• [PROBLEM TO SOLVE]
Below are entries. Copy exactly the lines running from the line that holds "Ruijie RG-ES206MG-P Switch" to the line that holds "Cover image: Yearbook", with both ends included.

• [DATA EXCERPTS]
· · ·
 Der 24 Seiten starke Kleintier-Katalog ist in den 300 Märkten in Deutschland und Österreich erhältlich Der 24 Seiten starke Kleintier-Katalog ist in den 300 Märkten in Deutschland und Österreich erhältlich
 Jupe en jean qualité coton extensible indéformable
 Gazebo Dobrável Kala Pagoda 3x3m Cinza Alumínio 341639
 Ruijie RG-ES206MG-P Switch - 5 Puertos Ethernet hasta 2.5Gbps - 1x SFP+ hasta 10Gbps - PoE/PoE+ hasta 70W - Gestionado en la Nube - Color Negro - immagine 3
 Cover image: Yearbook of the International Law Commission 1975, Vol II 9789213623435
· · ·
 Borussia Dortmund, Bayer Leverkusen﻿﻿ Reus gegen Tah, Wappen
· · ·
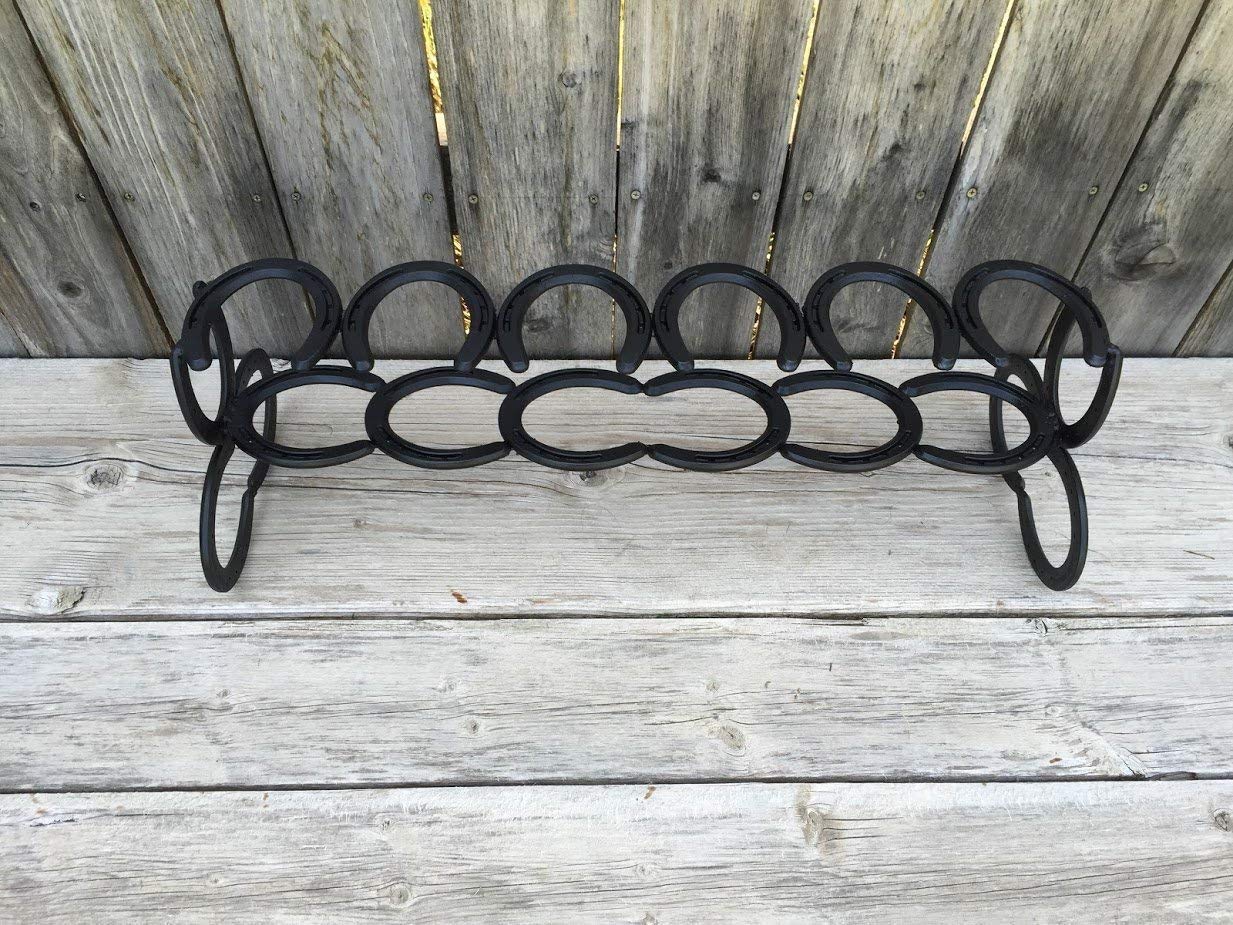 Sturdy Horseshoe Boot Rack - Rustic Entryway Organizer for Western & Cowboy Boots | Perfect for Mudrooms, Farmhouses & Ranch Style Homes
· · ·
• [ANSWER TO THIS EXERCISE]
 Ruijie RG-ES206MG-P Switch - 5 Puertos Ethernet hasta 2.5Gbps - 1x SFP+ hasta 10Gbps - PoE/PoE+ hasta 70W - Gestionado en la Nube - Color Negro - immagine 3
 Cover image: Yearbook of the International Law Commission 1975, Vol II 9789213623435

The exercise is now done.